Senin, 28 Mei 2012
Selamat Datang   |      |  
Kompas.com
Senin, 28 Mei 2012 | 07:22 WIB
Jika Berbohong, Wiliardi Diancam Tujuh Tahun Penjara
Sandro | wah | Rabu, 11 November 2009 | 18:46 WIB
|
Share:

PERSDA NETWORK/BIAN HARNANSA
Terdakwa kasus pembunuhan Nasrudin Zulkarnaen, Williardi Wizar (kanan) saat memberikan pengakuan mengejutkan dalam sidang dengan terdakwa Antasari Azhar (kiri) hingga menangis di PN Jaksel, Selasa (10/11). Williardi menyebut Irjen Pol Hadiatmoko dan Brigjen Pol Iriawan Dahlan yang menekannya dalam proses pemeriksaan. Dalam persidangan, Wiliardi mengaku Antasari telah dikondisikan oleh sejumlah petinggi Polri. Pengakuannya ini membuat Antasari menitikkan air mata karena terharu.

TERKAIT:

JAKARTA, KOMPAS.com — Mantan Kapolres Jakarta Selatan Kombes Wiliardi Wizar akan dijerat pasal memberikan keterangan palsu jika nanti terbukti pernyataannya soal rekayasa penyidikan ternyata tidak benar. Ia akan diancam dengan hukuman tujuh tahun penjara.

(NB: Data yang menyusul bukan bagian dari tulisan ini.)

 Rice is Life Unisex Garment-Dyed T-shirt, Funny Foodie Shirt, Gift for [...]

Sebelumnya dalam sidang kasus pembunuhan Direktur PT Putra Rajawali Banjaran Nasrudin Zulkarnaen di Pengadilan Negeri Jakarta Selatan, Selasa (10/11), Wiliardi menyatakan ada upaya penyidik merekayasa BAP untuk menyeret Antasari Azhar. Dalam kasus yang sama, Wiliardi juga dijerat sebagai tersangka pembunuhan tersebut.

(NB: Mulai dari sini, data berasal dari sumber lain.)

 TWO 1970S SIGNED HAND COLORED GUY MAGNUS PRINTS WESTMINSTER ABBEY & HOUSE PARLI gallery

"Apabila yang bersangkutan dalam sidang memberikan keterangan palsu di bawah sumpah maka dapat dikenakan sanksi sesuai Pasal 242 Ayat 1 KUHP dengan ancaman 7 tahun," jelas Kadiv Binkum Brigjen (Pol) Budi Gunawan saat jumpa pers di Mabes Polri, Rabu (11/11).

Budi menjelaskan, penyidik telah bekerja secara profesional dalam penanganan perkara pembunuhan Direktur PT Putra Rajawali Banjaran Nasrudin Zulkarnaen. Polri berharap agar hakim dapat menghadirkan para penyidik dan saksi-saksi yang dimiliki Polri untuk memperkuat tidak adanya rekayasa.

Mengenai pernyataan istri Williardi, Nova, yang membenarkan ada rekayasa kepada wartawan seusai sidang, menurut Budi, harus dipertanyakan dalam posisi sebagai apa dia. Dikatakannya, dalam Pasal 1 Ayat 16 KUHP disebut saksi yaitu orang yang melihat, mendengar, dan mengalami.

"Apa benar dia melihat, mendengar, dan mengalami pada saat proses pemeriksaan? Atau hanya dengar cerita dari WW," kata dia.